Zu den Aufgabenschwerpunkten von Referat 15.1 gehört es, die unteren Ausländerbehörden fachlich und rechtlich zu beraten und über Widersprüche gegen deren ausländerrechtlichen Verfügungen zu entscheiden. Dabei geht es insbesondere um Fälle, in denen die unteren Ausländerbehörden einen Aufenthaltstitel versagen oder zurücknehmen sowie um Ausweisungen aus dem Bundesgebiet. In bestimmten Fällen – vor allem beim Familiennachzug zur Vermeidung einer besonderen oder außergewöhnlichen Härte, bei bestimmten Berufsgruppen oder in Fällen von besonderem öffentlichen Interesse – müssen die unteren Ausländerbehörden die Zustimmung des Regierungspräsidiums bei der Erteilung eines Aufenthaltstitels einholen.

Bei straffälligen Ausländerinnen und Ausländern, die sich auf richterliche Anordnung in Strafhaft oder länger als eine Woche in Untersuchungshaft befinden, entscheidet das Regierungspräsidium über die Ausweisung, das heißt den förmlichen Entzug des Rechts zum Aufenthalt in der Bundesrepublik Deutschland. Ebenso wird bei straffällig gewordenen Bürgern der Europäischen Union der Verlust ihres Rechts auf Freizügigkeit im Bundesgebiet festgestellt.

In diesem Zusammenhang ist das Regierungspräsidium auch zuständig für den Erlass eines zeitlich befristeten Wiedereinreise- und Aufenthaltsverbots.

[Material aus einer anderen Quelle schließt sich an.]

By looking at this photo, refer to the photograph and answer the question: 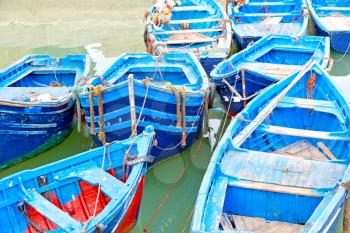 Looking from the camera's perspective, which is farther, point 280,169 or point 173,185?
point 173,185

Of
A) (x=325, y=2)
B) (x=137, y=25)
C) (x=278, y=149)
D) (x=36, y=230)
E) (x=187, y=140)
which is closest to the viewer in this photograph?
(x=36, y=230)

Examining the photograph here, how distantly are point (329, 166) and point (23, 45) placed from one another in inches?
447

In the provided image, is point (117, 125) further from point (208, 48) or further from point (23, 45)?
point (23, 45)

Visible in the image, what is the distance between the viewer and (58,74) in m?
9.71

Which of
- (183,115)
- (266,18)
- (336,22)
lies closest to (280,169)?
(183,115)

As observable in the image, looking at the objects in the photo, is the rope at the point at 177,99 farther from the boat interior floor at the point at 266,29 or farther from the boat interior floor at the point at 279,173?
the boat interior floor at the point at 266,29

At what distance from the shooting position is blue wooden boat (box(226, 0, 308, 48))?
1137 cm

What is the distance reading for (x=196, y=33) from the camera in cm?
1164

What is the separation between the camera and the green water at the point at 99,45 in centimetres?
738

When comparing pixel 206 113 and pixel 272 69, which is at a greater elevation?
pixel 272 69

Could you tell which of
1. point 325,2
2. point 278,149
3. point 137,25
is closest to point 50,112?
point 278,149

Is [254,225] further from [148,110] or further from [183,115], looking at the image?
[148,110]

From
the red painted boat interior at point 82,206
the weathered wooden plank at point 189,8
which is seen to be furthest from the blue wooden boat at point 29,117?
the weathered wooden plank at point 189,8

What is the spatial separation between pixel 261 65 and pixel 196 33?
281 cm
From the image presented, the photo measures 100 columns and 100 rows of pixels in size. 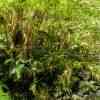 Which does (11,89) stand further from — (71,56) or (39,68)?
(71,56)

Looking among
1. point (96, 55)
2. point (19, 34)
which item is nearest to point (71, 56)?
point (96, 55)

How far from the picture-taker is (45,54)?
387cm

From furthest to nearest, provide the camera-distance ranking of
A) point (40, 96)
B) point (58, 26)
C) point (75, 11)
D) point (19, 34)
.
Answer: point (75, 11) < point (58, 26) < point (19, 34) < point (40, 96)

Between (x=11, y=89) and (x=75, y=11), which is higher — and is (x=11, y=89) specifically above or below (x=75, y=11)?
below

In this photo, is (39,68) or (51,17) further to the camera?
(51,17)

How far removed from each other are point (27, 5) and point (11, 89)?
83 cm

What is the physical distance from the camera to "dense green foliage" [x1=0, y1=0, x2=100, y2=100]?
367 cm

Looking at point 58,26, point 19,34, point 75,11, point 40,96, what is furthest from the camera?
point 75,11

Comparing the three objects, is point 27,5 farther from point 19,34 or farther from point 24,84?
point 24,84

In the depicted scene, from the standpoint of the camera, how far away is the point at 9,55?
149 inches

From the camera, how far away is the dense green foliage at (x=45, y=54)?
3674 millimetres

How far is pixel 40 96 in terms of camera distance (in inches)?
143

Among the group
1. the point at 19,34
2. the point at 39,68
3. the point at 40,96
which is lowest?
the point at 40,96

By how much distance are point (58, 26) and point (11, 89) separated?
905 millimetres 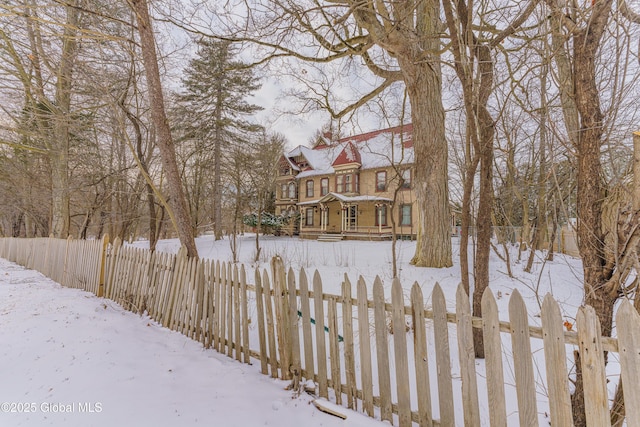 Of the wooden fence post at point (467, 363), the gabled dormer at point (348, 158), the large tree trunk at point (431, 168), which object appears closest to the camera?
the wooden fence post at point (467, 363)

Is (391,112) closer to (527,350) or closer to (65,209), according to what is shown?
(527,350)

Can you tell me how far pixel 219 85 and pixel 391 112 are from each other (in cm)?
1512

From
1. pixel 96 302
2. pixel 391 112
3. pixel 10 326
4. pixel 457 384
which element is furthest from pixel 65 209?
pixel 457 384

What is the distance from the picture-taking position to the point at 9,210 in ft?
58.3

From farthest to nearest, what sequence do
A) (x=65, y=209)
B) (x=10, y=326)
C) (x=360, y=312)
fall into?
(x=65, y=209) → (x=10, y=326) → (x=360, y=312)

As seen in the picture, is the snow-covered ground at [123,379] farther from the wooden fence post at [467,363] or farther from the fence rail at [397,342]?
the wooden fence post at [467,363]

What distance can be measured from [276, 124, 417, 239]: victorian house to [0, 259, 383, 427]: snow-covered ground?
15.7 meters

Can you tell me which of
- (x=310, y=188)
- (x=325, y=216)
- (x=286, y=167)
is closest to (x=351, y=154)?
(x=310, y=188)

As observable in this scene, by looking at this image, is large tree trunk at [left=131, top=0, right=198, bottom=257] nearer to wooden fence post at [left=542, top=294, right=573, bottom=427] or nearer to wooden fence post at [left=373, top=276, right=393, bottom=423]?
wooden fence post at [left=373, top=276, right=393, bottom=423]

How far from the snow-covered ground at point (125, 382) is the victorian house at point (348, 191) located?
15.7 metres

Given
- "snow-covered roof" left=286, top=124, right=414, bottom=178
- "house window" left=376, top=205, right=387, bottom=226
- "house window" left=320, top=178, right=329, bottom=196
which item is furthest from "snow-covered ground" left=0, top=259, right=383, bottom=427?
"house window" left=320, top=178, right=329, bottom=196

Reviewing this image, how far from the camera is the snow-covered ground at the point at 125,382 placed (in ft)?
7.58

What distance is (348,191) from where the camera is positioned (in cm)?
2219

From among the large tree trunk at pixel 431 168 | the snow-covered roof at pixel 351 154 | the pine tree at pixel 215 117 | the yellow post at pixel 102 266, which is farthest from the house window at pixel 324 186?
the yellow post at pixel 102 266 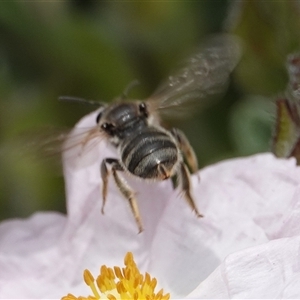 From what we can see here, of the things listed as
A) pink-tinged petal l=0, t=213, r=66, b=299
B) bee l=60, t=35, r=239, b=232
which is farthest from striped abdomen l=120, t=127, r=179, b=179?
pink-tinged petal l=0, t=213, r=66, b=299

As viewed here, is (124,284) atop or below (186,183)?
below

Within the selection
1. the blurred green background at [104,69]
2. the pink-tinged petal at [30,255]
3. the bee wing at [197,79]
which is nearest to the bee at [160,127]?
the bee wing at [197,79]

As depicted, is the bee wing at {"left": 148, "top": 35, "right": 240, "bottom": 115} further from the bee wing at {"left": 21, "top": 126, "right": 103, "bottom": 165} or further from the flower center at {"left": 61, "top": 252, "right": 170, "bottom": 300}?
the flower center at {"left": 61, "top": 252, "right": 170, "bottom": 300}

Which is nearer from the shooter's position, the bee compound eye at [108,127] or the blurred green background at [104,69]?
the bee compound eye at [108,127]

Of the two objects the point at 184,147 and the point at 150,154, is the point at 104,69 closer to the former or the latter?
the point at 184,147

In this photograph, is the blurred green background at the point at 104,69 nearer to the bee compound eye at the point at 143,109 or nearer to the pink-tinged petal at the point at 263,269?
the bee compound eye at the point at 143,109

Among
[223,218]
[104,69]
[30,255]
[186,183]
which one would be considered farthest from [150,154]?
[104,69] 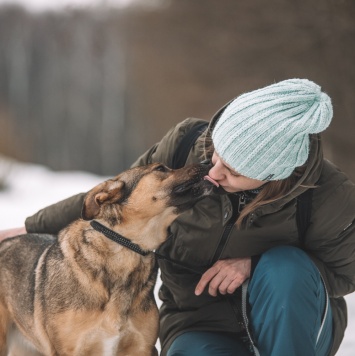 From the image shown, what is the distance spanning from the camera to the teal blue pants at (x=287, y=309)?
2.65m

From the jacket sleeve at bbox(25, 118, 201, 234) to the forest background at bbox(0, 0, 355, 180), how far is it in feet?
14.6

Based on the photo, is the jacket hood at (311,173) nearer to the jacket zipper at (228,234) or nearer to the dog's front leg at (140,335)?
the jacket zipper at (228,234)

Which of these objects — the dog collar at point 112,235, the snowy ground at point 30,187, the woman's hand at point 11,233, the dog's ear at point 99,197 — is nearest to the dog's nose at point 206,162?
the dog's ear at point 99,197

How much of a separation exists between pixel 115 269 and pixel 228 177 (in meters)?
0.67

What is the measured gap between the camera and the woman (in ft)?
8.70

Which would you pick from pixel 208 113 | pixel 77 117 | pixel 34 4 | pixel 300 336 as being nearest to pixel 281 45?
pixel 208 113

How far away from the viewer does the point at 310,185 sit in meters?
2.82

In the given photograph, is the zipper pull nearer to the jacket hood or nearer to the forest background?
the jacket hood

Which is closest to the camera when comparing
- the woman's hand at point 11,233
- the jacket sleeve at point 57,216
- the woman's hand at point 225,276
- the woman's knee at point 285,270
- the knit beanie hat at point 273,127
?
the knit beanie hat at point 273,127

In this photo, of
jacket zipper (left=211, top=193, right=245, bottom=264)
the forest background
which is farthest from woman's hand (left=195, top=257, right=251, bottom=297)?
the forest background

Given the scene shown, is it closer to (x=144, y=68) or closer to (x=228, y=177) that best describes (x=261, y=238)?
(x=228, y=177)

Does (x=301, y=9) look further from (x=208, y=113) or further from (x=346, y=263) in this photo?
(x=346, y=263)

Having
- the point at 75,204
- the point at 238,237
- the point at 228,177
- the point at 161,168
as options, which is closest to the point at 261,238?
the point at 238,237

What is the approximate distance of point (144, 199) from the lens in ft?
9.63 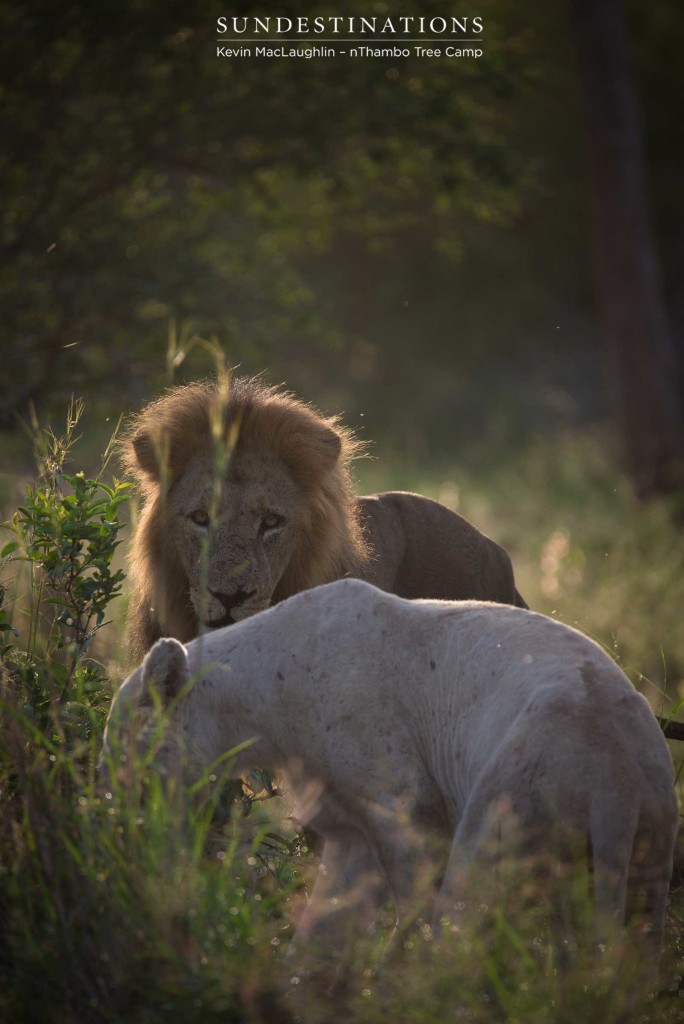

Als höhere Staatsangehörigkeitsbehörde übt das Regierungspräsidium die Rechts- und Fachaufsicht über 13 untere Staatsangehörigkeitsbehörden (elf Land- und zwei Stadtkreise) aus. Neben der rechtlichen Beratung dieser Behörden entscheidet das Regierungspräsidium in Einbürgerungs- und anderen staatsangehörigkeitsrechtlichen Verfahren über Widersprüche gegen Entscheidungen der unteren Staatsangehörigkeitsbehörden. In bestimmten Fällen, zum Beispiel wenn ein/e Ausländer/in die deutsche Staatsangehörigkeit erwerben und daneben seine/ihre bisherige Staatsangehörigkeit behalten will, muss das Regierungspräsidium der Entscheidung der unteren Staatsangehörigkeitsbehörden zustimmen bevor diese gültig wird.